The National Weather Service in Paducah, Kentucky spent hours trying to figure out how to explain the cause just before 3pm local time on Monday.
The pattern was unusual because there wasn’t a drop of rain in the region. The skies were clear and temperatures were in the 20s.
The pattern was identified in the Indiana-Illinois-Kentucky tri-state area. Radar showed what looked like a ‘blob’ that expanded in length and moved southward.
The mystery of the strange pattern that emerged on the weather radar Monday afternoon in the Indiana-Illinois-Kentucky tri-state area has not been solved
So far the National Weather Service has not been able to definitively identify what the pattern is.
All kinds of bizarre guesses as to what the blob could be emerged on social media with people claiming it could be a flock of birds, aliens or residue the government uses to control the weather.
A tweet from Eyewitness News meteorologist Wayne Hart on Tuesday morning seemingly debunked the mystery.
Citing an unnamed pilot, he said Evansville air traffic control claimed a military C-130 released a stream of chaff a few miles northwest of Evansville.

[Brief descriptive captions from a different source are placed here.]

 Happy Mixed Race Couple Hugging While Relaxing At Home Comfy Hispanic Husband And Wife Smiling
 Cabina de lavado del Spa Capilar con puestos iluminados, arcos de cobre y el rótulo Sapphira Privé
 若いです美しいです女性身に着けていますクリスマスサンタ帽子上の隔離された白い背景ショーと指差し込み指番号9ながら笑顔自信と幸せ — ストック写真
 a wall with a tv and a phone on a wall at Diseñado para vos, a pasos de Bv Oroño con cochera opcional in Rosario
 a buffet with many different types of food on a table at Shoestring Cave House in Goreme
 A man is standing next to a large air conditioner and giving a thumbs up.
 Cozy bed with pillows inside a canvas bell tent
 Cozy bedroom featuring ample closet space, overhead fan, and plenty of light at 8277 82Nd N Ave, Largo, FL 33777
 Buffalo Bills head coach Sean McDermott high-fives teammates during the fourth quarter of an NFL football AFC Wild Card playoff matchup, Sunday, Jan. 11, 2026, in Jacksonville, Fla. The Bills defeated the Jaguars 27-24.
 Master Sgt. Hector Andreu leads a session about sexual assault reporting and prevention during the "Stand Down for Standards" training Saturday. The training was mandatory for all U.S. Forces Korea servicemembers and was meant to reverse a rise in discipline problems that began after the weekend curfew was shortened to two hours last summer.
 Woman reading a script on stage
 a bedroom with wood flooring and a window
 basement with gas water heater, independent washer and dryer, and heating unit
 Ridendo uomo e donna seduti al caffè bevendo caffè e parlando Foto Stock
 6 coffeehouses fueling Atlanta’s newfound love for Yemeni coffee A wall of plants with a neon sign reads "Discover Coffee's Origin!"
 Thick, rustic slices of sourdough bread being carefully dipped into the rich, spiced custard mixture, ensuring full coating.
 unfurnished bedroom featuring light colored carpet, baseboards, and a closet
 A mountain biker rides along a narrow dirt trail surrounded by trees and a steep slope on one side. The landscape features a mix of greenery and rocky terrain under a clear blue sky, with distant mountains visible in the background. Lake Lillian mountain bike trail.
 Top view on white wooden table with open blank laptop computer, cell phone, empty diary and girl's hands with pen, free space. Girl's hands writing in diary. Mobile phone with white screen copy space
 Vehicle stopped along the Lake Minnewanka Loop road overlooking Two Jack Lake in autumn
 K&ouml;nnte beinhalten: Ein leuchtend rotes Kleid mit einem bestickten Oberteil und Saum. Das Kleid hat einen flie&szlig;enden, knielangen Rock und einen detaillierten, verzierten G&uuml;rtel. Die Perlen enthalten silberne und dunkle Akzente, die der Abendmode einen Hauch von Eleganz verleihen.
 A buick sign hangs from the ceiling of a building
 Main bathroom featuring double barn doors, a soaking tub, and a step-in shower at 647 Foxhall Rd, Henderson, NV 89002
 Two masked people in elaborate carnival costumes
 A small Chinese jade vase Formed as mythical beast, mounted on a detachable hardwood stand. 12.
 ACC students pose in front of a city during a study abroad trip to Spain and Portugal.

Chaff is a radar-jamming material sometimes used during training exercises.
The Courier and Press reported that military bases are located near the areas where the blips appeared in Fort Campbell in Kentucky and Scott Air Force Base in Western Illinois.
But if this was a case of military chaff and it did come from a C-130, the plane didn’t come from either of those bases.
‘Whatever aircraft it was, it was not a Scott Air Force Base craft,’ Master Sargeant Thomas Doscher said Tuesday morning.
A spokesman for Fort Campbell wasn’t as unequivocal, but said he didn’t know of any such operation.
The only way the plane could have come from Fort Campbell, he said, is if it was involved in a secret special forces exercise.
Now questions remain as to where the plane came from and whether someone intentionally was releasing chaff into the atmosphere.
A pilot in the area told WEHT-TV that air traffic control at Evansville Regional Airport in Indiana noticed chaff released from a military C-130 plane northwest of Evansville
Chaff is a bundle of radar reflective material made up of aluminum strips or bundles of metalized glass fibers. The effect of chaff (above) on the display of a Würzburg Riese radar
Military aircraft send chaff into the air in order to fool radar operators.
Fighter jets and other military aircraft use chaff to make it hard for radar-guided missiles to hit them.
The region is what’s known as a Military Operations Area (MOA). An MOA is a designated piece of airspace which is used for military aircraft training activities.
The Red Hills MOA is a relatively large bit of airspace that encompasses Illinois and Indiana.
Nonetheless, it is unusual for a C-130 to release chaff at a relatively low altitude.
It is also strange for the chaff to stay airborne for that long and remain intact in a cohesive formation for almost half a day.